Some buddies work at some shops, and they've demoed them and only had negative things to say. Your boot must happen to have the right sized/shaped toebox to fit the toestrap. If it's not absolutely perfect, there will be some play, and in general just not a very solid feeling. Maybe it'll be acceptable for park use, but not freeriding.

A friend bought a pair recently, and I talked him into returning them (wasn't hard). This is one technology where you're much better off waiting a couple years to see if it improves, or even lasts. I could be wrong, but I have a feeling it's a passing fad, unless they make some significant improvements.


----------



## Guest (Jan 9, 2009)

Glad you like them elambzchop! I look forward to checking them out in person.


----------



## Guest (Jan 21, 2009)

Finally got to ride on them this past Sunday! Strapping in is now a breeze, and takes no time at all. Its not a big thing though because I still wait for everyone else to strap in, so thts just an added bonus.
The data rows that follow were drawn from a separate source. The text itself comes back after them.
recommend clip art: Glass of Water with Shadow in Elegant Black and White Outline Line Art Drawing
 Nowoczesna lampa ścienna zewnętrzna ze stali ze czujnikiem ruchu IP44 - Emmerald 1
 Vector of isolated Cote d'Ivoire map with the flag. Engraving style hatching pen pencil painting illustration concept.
I was slightly worried about the toe strap as thats been the biggest complaint I've heard. Mine were adjusted perfect and the toe strap was tight on my boot and in the perfect spot. Never had any issues with the boot coming out of the strap or anything that I've read about.

Loved every minute of riding on them. Very responsive, and absolutely no pressure points. Very comfortable. Good padding too, as with my Burton C02s and Cartels, I could feel the landings off kickers or natural rollers. With these bindings, landings felt great, even on very hard packed landings.

This was just my first day riding on them, so these are obviously just first impressions. I'm gonna give them a few more weeks before I check back in and hopefully I still love em as much as I do right now.


----------



## v-verb (Feb 1, 2009)

I just set up my Contrabands tonight and it took about an hour of fiddling around before I got it right. I won't know how they ride until next weekend as my Bataleon Evil Twin should be here this week.


----------



## Guest (Feb 2, 2009)

yea, i got the contrabands over the winter break and i like them so far. they have not ripped or got messed up. i would get would some of you to check it out...


----------



## Triple8Sol (Nov 24, 2008)

Ride is coming out with a Contraband for women next year. I'll be interested to see what changes they make to the men's one, too.


----------